Nos. 18‐1953, 18‐1972 & 18‐2526 Page 2
attorneys have concluded that the appeals are frivolous and move to withdraw under
Anders v. California, 386 U.S. 738 (1967). Deaunta and Ledell responded in opposition to
their attorneys’ motions. See CIR. R. 51(b). Because the attorneys’ briefs appear to be
thorough and address the potential issues that we would expect appeals like this to
involve, we limit our review to the topics they discuss, along with the issues Deaunta
and Ledell wish to raise. See United States v. Bey, 748 F.3d 774, 776 (7th Cir. 2014).

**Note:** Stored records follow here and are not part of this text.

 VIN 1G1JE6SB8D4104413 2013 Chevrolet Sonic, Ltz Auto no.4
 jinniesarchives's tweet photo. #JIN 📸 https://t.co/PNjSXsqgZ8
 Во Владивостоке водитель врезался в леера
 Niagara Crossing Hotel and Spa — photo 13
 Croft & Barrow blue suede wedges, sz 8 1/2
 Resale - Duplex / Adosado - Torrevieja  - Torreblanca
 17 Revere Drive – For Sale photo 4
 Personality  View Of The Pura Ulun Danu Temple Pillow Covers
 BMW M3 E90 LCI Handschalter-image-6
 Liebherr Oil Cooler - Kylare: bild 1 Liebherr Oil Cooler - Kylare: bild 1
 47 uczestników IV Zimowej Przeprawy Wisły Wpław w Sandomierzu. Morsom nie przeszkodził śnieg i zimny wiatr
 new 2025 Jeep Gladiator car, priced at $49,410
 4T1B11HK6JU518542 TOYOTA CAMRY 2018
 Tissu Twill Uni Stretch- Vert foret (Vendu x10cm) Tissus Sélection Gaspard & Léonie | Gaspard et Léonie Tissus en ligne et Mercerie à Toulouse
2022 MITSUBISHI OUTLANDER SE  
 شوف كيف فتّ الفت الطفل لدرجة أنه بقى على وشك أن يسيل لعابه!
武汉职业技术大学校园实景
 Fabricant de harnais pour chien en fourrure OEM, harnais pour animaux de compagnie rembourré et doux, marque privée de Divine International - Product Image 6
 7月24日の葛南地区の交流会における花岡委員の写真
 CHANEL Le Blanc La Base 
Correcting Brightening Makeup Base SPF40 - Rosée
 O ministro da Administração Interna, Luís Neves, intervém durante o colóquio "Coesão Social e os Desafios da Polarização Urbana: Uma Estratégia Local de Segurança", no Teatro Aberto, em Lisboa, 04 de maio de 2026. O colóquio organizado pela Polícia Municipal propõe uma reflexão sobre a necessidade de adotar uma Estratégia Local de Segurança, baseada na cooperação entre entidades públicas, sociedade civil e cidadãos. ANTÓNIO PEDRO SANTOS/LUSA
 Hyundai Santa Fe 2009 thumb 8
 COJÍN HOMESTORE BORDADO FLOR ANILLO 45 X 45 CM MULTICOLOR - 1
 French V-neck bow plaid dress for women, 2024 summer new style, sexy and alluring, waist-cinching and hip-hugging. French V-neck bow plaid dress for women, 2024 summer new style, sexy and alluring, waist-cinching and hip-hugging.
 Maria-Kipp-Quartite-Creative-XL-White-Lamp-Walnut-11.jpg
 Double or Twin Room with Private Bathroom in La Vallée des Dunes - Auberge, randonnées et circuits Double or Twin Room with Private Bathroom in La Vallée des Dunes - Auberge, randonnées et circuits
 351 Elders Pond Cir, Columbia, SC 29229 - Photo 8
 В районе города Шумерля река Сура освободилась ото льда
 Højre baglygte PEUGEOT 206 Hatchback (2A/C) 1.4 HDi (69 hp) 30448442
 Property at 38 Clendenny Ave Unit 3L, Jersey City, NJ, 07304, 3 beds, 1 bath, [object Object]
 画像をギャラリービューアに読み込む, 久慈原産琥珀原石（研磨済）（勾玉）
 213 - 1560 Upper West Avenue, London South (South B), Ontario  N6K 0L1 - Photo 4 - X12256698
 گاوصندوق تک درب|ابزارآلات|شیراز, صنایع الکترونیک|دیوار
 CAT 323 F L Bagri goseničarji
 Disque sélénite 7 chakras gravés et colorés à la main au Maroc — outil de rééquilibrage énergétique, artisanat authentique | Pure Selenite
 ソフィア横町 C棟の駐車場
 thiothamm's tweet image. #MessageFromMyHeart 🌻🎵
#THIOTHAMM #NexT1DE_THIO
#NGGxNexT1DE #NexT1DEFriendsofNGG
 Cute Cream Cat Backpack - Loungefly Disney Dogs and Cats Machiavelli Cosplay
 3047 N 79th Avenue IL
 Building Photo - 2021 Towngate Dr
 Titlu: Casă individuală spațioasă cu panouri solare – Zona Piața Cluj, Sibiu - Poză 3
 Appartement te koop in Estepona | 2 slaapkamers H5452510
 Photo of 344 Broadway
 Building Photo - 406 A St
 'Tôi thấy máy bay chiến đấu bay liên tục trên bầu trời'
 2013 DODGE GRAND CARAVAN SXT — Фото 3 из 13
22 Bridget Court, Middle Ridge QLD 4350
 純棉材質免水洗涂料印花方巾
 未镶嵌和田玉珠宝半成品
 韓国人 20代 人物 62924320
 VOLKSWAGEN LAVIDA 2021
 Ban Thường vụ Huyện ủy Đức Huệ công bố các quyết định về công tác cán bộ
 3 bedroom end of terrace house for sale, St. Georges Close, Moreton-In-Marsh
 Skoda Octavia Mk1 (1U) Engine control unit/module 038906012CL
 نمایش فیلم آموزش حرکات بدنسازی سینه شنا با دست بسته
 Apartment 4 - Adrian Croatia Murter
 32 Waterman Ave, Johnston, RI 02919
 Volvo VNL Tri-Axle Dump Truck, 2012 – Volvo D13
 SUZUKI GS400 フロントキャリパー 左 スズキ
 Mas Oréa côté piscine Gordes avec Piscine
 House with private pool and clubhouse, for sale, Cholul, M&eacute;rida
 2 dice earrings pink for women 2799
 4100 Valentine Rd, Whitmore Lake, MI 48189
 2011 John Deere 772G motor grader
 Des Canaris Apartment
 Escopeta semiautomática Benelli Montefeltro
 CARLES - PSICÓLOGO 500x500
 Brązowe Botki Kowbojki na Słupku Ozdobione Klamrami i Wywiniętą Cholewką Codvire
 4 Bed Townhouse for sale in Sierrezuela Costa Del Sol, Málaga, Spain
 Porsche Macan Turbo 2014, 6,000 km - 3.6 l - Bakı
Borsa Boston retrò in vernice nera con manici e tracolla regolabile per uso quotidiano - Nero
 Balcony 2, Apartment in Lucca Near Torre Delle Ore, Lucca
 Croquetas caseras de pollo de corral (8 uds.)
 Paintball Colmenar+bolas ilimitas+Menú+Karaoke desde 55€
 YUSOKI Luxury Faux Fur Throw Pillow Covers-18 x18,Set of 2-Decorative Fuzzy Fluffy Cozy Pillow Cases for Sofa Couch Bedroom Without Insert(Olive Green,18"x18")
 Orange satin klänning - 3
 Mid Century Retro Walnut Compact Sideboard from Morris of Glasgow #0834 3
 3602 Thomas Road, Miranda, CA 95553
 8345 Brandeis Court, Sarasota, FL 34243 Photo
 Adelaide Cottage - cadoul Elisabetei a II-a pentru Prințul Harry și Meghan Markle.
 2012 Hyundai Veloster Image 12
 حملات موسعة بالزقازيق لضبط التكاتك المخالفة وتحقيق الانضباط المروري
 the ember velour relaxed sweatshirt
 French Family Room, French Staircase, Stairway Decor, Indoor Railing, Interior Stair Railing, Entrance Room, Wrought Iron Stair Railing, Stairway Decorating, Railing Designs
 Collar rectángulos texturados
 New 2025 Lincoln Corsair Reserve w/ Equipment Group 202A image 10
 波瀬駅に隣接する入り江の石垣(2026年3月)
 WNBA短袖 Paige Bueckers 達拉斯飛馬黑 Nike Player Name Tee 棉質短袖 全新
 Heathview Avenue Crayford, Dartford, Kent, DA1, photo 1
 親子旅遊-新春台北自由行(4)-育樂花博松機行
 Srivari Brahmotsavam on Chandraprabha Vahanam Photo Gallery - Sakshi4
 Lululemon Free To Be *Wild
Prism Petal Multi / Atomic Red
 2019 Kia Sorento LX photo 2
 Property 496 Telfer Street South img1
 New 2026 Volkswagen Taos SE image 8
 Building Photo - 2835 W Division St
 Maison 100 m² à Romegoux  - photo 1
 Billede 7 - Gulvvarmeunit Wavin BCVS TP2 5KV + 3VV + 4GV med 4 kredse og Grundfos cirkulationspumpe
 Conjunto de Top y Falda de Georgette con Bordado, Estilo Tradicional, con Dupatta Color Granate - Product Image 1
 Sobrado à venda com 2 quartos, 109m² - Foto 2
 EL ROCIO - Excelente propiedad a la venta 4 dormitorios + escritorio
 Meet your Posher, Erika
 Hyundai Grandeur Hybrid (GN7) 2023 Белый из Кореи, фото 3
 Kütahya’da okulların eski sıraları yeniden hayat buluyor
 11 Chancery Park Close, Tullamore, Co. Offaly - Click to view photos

Each counsel first considers whether the defendants could challenge any
evidentiary or trial rulings but rightly concludes that any challenges would be
frivolous. We would review the rulings for abuse of discretion and reverse only if an
error caused harm. United States v. Phillips, 745 F.3d 829, 833 (7th Cir. 2014). Here, there
were very few evidentiary rulings, and none of them involved the defendants’ defense
of mistaken identity, which was the only materially contested issue. Therefore, it would
be frivolous to argue that any ruling prejudiced the defendants at trial.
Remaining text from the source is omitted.